TASK GOAL
In the data below, restate exactly the lines from the one with "护窗-- 护窗栏--北京护窗--北京护窗栏" to the final line, both included, but not the pictures.
[Start of Attachment]
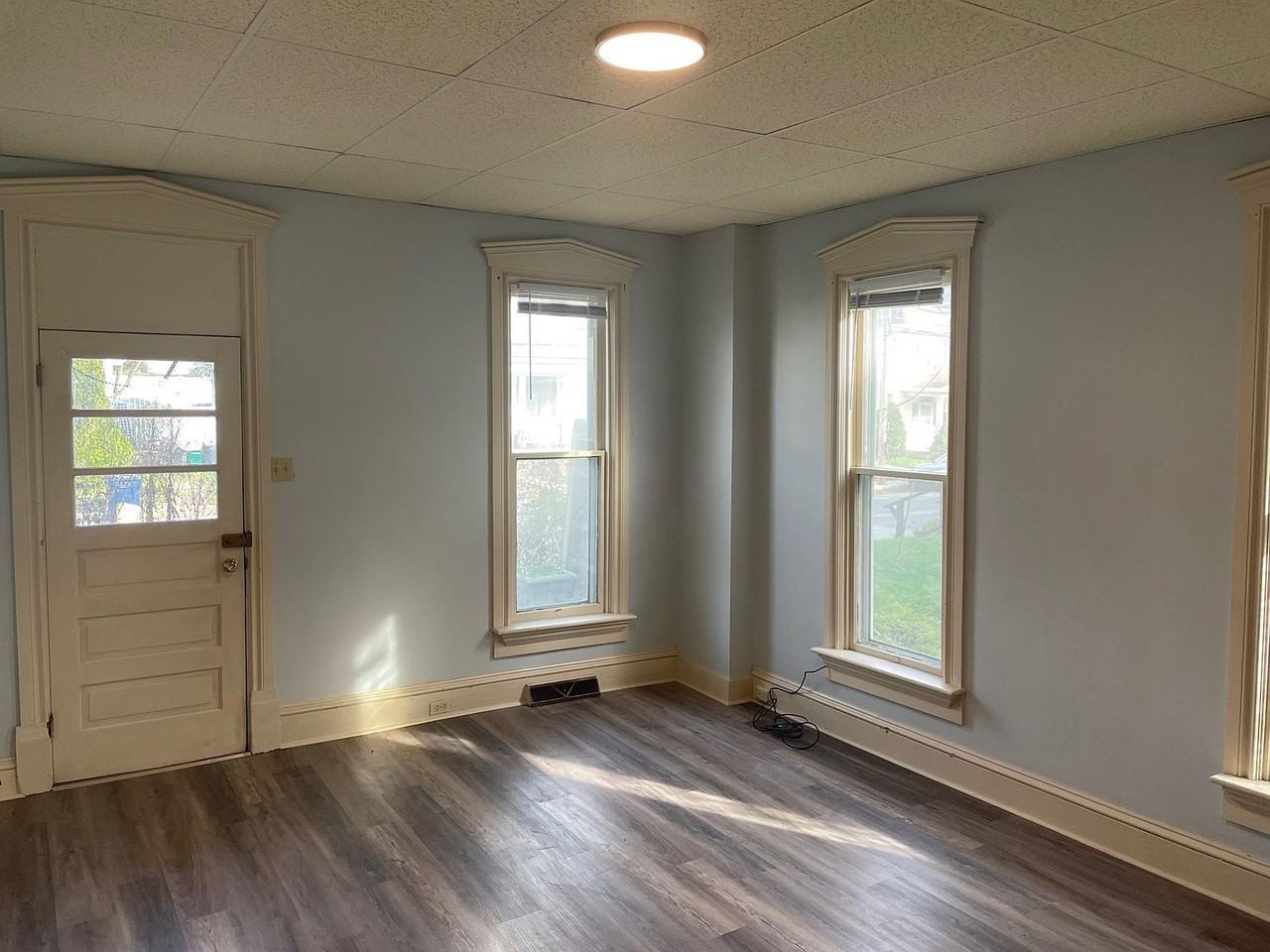 146 E Main St - Photo 3 of 13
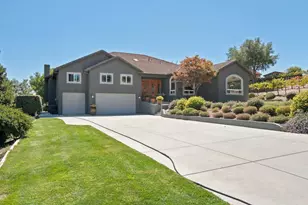 603 Tyler Trl, Hollister, CA 95023 - Photo 3
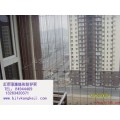 护窗-- 护窗栏--北京护窗--北京护窗栏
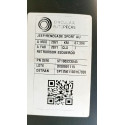 RETROVISOR ESQUERDO JEEP RENEGADE SPORT 1.8 4X2 FLEX 2021/21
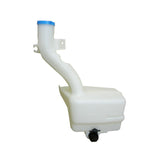 Windshield Washer Tank For Acura Mdx 2010-2013(AC1288137)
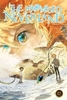 Afbeelding van The Promised Neverland Promised Neverland, Vol. 12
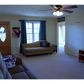 322 Winchester Way, Woodstock, GA 30188 ID:4204880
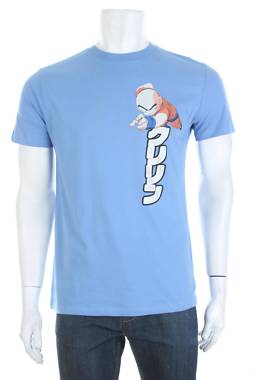 Мъжка тениска J Brand1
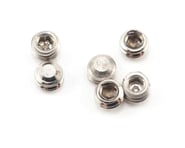 Paasche H Series Set Screw (6) | product-related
[End of Attachment]
ANSWER SECTION
 护窗-- 护窗栏--北京护窗--北京护窗栏
 RETROVISOR ESQUERDO JEEP RENEGADE SPORT 1.8 4X2 FLEX 2021/21
 Windshield Washer Tank For Acura Mdx 2010-2013(AC1288137)
 Afbeelding van The Promised Neverland Promised Neverland, Vol. 12
 322 Winchester Way, Woodstock, GA 30188 ID:4204880
 Мъжка тениска J Brand1
 Paasche H Series Set Screw (6) | product-related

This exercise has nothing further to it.